Memory and session commands
Gemini CLI’s built-in session commands include /memory with subcommands (refresh, add, show) that manage the persistent memory surface — GEMINI.md-derived context plus any memory updates made during a session. /memory refresh re-reads the briefing doc when it’s been edited mid-session; /chat manages conversation state.
The --yolo flag hazard
Gemini CLI ships a flag — --yolo — that disables all approval prompts, letting the agent run destructive actions without pausing. For ephemeral experimentation in a throwaway environment it is convenient; for CI, for production repositories, for anything that matters, it is dangerous.
The failure mode: a well-intentioned engineer uses --yolo to unblock a specific workflow, commits the invocation to a repo script, and months later the script runs in a context where the safety it skipped was load-bearing. The fix — and it applies to similar broad-authorization flags in any tool — is to treat --yolo as a local-session affordance only, never commit invocations that include it, and audit scripts for its presence as part of the team’s governance practice (Ch 13).
Authentication chains
Gemini CLI’s default auth path is Google Cloud ADC — the same credential chain that gcloud, Cloud Run deploys, and other Google Cloud tools use. Running gcloud auth application-default login once sets the credential; subsequent Gemini invocations inherit it. For Vertex AI–backed usage this is particularly smooth because the CLI, the model endpoint, and any downstream GCP services all resolve identity through the same chain.

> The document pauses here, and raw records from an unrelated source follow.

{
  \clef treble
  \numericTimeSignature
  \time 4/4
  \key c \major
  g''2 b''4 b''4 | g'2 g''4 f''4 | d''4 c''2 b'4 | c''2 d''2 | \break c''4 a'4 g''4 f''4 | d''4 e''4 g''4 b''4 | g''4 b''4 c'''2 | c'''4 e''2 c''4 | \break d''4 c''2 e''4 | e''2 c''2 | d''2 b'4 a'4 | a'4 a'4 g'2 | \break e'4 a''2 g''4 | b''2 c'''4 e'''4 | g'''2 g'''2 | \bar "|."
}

For teams not already in Google Cloud, the auth setup cost is real (a GCP project, ADC, Vertex access). This is one of the tradeoffs that pushes some workloads toward other tools despite Gemini’s capability advantages.
GitHub Action
Google ships an official google-gemini/gemini-cli-action for GitHub Actions. The integration pattern is convergent with Claude and Codex (Ch 12): @mention-triggered agent runs on PRs and issues, agent outputs posted as comments or inline suggestions. Configuration lives in .github/workflows/; the action exposes inputs for prompt, allowed tools, credentials, output format.
When Gemini CLI is the right fit
Situations where Gemini is a particularly strong choice:
- Existing Google Cloud investment. The credential chain, billing, and compliance path are ergonomic; switching tools would add friction for no capability gain.

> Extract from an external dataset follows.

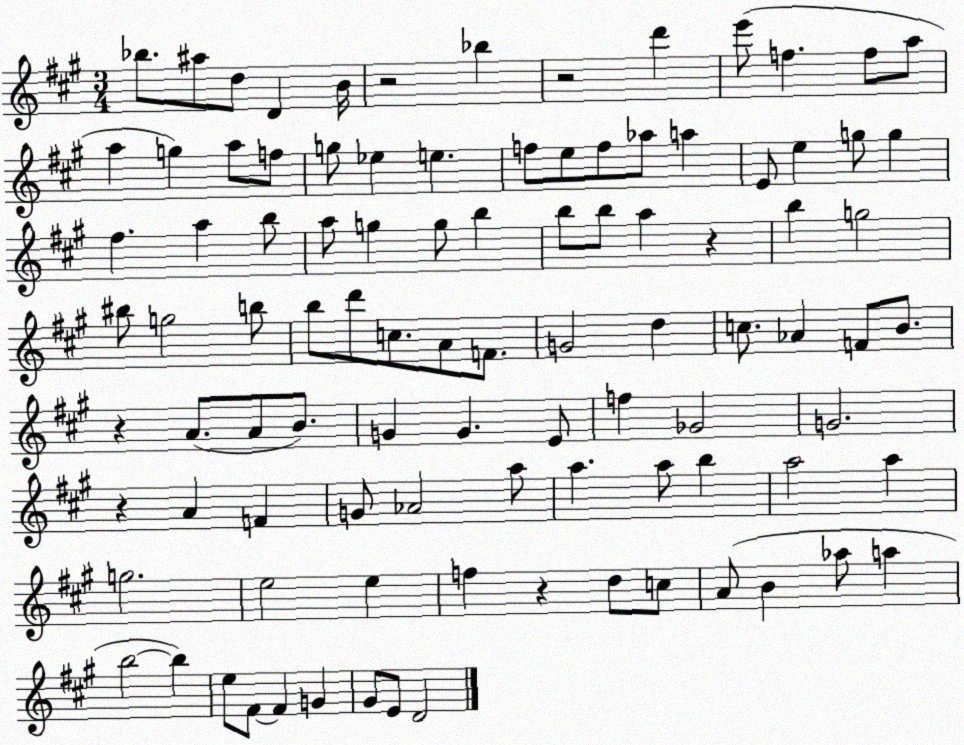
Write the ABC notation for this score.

- Large-context workloads. Monorepo review, whole-document synthesis, long-lived architectural investigations — the context advantage is genuinely useful here.

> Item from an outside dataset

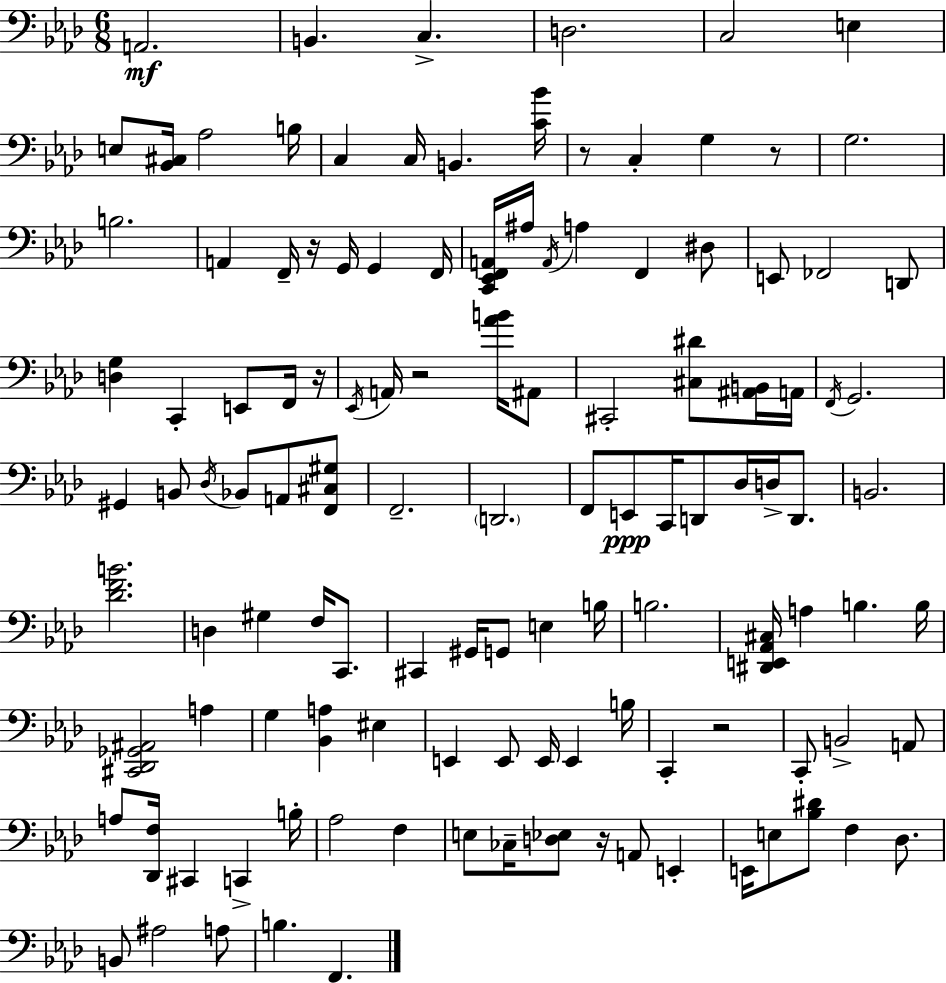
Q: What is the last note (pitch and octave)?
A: F2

- MCP-heavy extension ecosystem. Teams that have already standardized on MCP servers for their internal tooling get the most leverage from Gemini’s MCP-primary model.
Situations where another tool may fit better:
- Rich hook-driven automation where Claude Code’s dedicated hook events are ergonomic.
- Teams with existing OpenAI / Codex relationships whose workflows are already integrated there.
- Narrow, specific plan-mode-style workflows where Claude’s explicit read-only mode is a primitive rather than a convention.
Quick reference
- Binary:
gemini;gemini -p "<prompt>"for print mode - Briefing doc:
GEMINI.mdat repo root; re-read mid-session with/memory refresh - Slash commands:
.gemini/commands/(project) or~/.gemini/commands/(user) - Extension: MCP-primary — most tool extension is an MCP server
- Auth: Google Cloud ADC chain; Vertex AI is the ergonomic backend
- Hazard:
--yolodisables all approvals; treat as local-only; audit scripts for its presence - GitHub Action:
google-gemini/gemini-cli-action - Context: multi-hundred-K to multi-million tokens; use the window to reduce pre-processing, not to skip context hygiene
- Best fit: Google-Cloud-native teams, large-context workloads, MCP-standardized extension ecosystems
- Volatility: feature-surface; audit quarterly.